Docker is a new craze which is quite popular nowadays. I don’t know much before about it but at my internship, I attended a workshop from Dieter Reuter(Docker Captain)and Niclas Mietz from bee42 solutions gmbh.
It was quite fun two days workshop with them and I got to know a lot about it. So let’s get started with Docker.
Before getting started with it, you should install Docker on your machine. Take a help from Google.
Okay now, your machine has Docker, so now you may be thinking what Docker really is?
Docker is an open platform for building, shipping, and running applications. With Docker, you can manage your infrastructure in the same ways you manage your applications. It’s easy, simple and quite powerful too.
Okay as everyone knows we always start with Hello-world
docker container run hello-world
In the output, you can see that we are doing many things(what Docker doing). But before that, I want to illustrate something regarding Docker Engine.
Docker Engine
Docker is same like your car, it has an engine which manages everything. It also consists a server known as Docker Daemon(the dockerd command) which manages everything for the client(Docker CLI). In between, the API handles the request from the client to the server. The server responds accordingly to the client by managing the images, containers, networks, and volumes.

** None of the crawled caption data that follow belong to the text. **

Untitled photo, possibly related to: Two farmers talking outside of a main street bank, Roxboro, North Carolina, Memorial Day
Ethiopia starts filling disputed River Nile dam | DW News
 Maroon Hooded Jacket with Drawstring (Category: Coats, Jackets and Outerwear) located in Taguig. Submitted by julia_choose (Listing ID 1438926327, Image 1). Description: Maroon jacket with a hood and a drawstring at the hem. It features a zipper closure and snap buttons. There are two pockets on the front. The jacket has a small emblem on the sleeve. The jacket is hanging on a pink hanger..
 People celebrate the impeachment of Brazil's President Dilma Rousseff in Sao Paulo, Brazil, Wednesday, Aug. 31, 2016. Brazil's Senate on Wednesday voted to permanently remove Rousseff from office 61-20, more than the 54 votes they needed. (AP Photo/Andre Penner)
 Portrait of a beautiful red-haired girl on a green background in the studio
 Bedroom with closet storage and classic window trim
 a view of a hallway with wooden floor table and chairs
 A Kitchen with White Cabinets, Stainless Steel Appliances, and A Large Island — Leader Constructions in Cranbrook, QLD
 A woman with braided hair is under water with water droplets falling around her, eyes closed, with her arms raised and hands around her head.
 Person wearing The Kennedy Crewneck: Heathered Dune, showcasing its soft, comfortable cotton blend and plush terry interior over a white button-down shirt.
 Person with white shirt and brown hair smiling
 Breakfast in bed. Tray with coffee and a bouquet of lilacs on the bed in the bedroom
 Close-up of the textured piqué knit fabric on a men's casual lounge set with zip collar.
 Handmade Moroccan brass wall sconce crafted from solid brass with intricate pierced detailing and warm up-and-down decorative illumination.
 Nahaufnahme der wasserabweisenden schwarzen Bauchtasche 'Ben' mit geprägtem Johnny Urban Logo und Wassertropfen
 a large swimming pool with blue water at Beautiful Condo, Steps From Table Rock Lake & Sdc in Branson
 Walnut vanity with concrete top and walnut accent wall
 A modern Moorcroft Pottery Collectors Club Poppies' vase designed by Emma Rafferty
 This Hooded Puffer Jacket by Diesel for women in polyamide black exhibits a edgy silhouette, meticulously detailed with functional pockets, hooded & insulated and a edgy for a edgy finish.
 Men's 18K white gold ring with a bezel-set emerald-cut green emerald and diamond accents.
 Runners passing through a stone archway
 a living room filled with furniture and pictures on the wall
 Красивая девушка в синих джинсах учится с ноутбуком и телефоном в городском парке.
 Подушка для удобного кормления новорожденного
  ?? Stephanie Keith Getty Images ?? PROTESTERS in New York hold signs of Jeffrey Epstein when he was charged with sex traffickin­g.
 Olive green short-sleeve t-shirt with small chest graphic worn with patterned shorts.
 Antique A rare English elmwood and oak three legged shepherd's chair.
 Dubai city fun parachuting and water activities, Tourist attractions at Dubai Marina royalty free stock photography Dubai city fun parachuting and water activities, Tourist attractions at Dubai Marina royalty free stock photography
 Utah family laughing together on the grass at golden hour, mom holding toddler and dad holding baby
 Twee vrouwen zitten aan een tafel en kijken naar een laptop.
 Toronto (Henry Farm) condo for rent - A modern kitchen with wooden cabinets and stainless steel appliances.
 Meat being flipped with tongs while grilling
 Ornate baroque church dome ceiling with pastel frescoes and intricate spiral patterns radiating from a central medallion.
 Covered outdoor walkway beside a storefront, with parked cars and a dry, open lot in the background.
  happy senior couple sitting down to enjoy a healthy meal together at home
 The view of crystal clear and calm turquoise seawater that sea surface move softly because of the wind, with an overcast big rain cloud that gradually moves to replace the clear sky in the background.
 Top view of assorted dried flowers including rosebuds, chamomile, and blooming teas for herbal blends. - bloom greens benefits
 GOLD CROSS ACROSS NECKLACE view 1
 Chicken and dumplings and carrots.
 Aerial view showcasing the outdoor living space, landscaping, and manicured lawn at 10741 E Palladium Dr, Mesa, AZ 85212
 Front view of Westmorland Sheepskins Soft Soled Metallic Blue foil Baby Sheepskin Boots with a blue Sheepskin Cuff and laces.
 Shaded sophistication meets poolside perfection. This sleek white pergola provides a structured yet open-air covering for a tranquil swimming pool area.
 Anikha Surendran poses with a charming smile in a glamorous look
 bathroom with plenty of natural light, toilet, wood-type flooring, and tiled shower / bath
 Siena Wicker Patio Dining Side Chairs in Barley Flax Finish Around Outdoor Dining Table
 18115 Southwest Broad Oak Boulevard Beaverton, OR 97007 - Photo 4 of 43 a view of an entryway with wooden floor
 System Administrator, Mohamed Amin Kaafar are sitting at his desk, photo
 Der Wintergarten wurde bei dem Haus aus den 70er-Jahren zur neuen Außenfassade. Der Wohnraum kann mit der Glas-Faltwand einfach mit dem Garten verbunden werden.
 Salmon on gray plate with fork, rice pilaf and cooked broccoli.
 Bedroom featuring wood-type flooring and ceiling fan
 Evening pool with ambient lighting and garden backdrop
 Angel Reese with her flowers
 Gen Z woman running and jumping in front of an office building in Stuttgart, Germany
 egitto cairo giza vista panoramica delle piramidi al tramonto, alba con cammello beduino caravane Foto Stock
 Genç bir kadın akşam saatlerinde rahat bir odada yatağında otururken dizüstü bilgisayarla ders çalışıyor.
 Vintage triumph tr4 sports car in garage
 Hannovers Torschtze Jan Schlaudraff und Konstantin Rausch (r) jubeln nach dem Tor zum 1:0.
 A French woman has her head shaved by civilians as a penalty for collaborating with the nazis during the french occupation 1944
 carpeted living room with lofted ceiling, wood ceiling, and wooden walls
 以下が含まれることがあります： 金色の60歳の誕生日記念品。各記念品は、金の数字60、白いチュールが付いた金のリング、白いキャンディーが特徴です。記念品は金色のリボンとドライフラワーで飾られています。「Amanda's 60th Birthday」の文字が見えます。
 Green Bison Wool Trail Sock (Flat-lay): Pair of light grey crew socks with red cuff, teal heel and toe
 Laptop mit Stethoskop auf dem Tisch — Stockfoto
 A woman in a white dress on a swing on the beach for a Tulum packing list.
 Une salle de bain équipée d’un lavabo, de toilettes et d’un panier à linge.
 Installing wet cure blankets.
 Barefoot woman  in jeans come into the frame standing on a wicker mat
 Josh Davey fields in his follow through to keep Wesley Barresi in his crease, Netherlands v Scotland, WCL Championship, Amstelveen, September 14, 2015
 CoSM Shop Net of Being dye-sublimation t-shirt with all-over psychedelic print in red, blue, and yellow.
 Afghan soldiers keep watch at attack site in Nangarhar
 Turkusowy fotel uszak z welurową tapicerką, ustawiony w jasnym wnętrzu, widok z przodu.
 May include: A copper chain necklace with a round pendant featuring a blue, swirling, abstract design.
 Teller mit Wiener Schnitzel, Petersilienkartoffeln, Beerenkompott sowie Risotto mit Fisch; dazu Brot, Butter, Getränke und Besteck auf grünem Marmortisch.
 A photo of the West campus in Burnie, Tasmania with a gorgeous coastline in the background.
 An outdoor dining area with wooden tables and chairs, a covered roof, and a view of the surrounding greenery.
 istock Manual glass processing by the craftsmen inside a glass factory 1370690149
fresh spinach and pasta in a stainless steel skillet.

Docker Daemon: The Docker daemon listens to API requests and manages Docker objects(images, containers, networks, and volumes). A daemon can also communicate with other daemons to manage Docker services(swarm mode).
Docker Client: The Docker client is the way that many Docker users interact with Docker. When you use commands such as docker run the client sends these commands to dockerd which carries them out. The docker command uses the Docker API. The Docker client can communicate with more than one daemon.
Docker Registries: A Docker registry stores Docker images. Docker Hub and Docker Cloud are public registries that anyone can use, and Docker is configured to look for images on Docker Hub by default. When you use the docker pull or docker run commands, the required images are pulled from your configured registry. When you use the docker push command, your image is pushed to your configured registry. You can upgrade the application by pulling the new version of the image and redeploying the containers.
Images: An image is a snapshot of a Docker container. Often, an image is based on another image, with some additional customization. For example, you may build an image which is based on the ubuntu image but installs the Nginx web server and your application, as well as the configuration details needed to make your application run. Images are lightweight, small, and fast when compared to other virtualization technologies.
Containers: A container is a runnable instance of an image. You can create, run, stop, move, or delete a container using the CLI. You can connect a container to one or more networks, attach storage to it, or even create a new image based on its current state. By default, a container is relatively well isolated from other containers and its host machine. You can control how isolated a container’s network, storage, or other underlying subsystems are from other containers or from the host machine. A container is defined by its image as well as any configuration options you provide to it when you create or run it. When a container stops, any changes to its state that are not stored in persistent storage disappears.
Services: It allows you to scale containers across multiple Docker daemons, which all work together as a swarm with multiple managers and workers. Each member of a swarm is a Docker daemon, and the daemons all communicate using the Docker API. A service allows you to define the desired state, such as the number of replicas of the service that must be available at any given time. By default, the service is load-balanced across all worker nodes. To the consumer, the Docker service appears to be a single application.
After some theory let’s see the output now,
Hello from Docker!
- The docker client contacted to Docker daemon.
- The Docker daemon pulled the “hello-world image from the Docker Hub.
- The Docker daemon created a new container from that image which runs the executable that produces the output you are currently reading.
- The Docker daemon streamed that output to the Docker client, which sent it to your terminal.
That’s it, pretty simple and easy. Enjoy the easiness of it.